Men (and women) went to mow

Helen Baczkowska, NWT Conservation Officer

On a rainy Saturday at the end of August, a hardy group gathered at Gressenhall Farm and Workhouse museum to learn how to scythe.  Far from being a tool from our rural past, scythes have, in recent years, taken the UK by storm, as they provide a practical alternative to brush cutters for cutting small areas of hay, bracken, brambles, nettles and other vegetation.  

Simon Fairlie, course tutor and scythe importer, started the day by providing a background to the Austrian scythe; this is over 60% lighter than the traditional English scythe and made from a bent ash handle (correctly called a “snath”), with a lightweight steel blade. These are still used on Alpine meadows and tradition hay fields across Europe. For the rest of the rainy morning, the group huddled in a barn learned about setting up the scythe, looking at the range of snath heights on offer and the different blades for cutting different vegetation.

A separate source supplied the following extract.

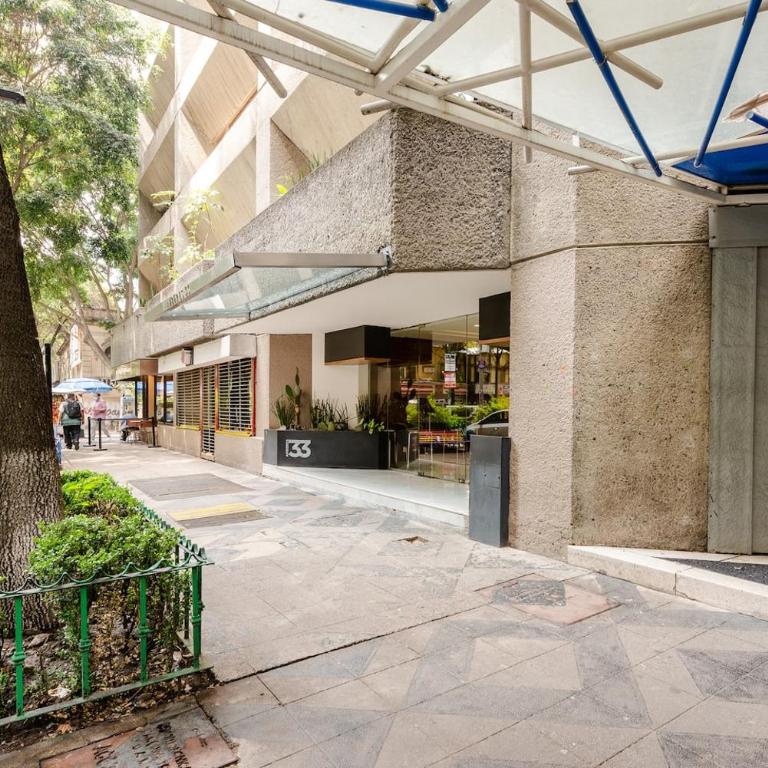 Zona Rosa, Amberes 33 - Loft - 3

Delegates on the course included apprentices from Gressenhall, the owner of a small meadow and volunteers who work on County Wildlife Sites (CWS) across Norfolk, where low-cost management is key to maintaining the wildlife value of the sites. Volunteers from Hoe Common CWS want to limit the growth of bracken and at Thwaite Common CWS, thistles need to be kept in check.  For these sites, the scythes are lighter than brush cutters, cheaper to buy and run, less smelly, easier for volunteers to handle and don’t require a certificate for insurance – there is also the attraction of just putting one over your shoulder and doing a small amount of work on a walk!

In the afternoon, the rain stopped and delegates had a chance to scythe a field and learn the arts of sharpening and “peening” – thinning the edge of the blade to keep a keener edge.  Everyone went home armed with a new scythe and impressed with their new skills!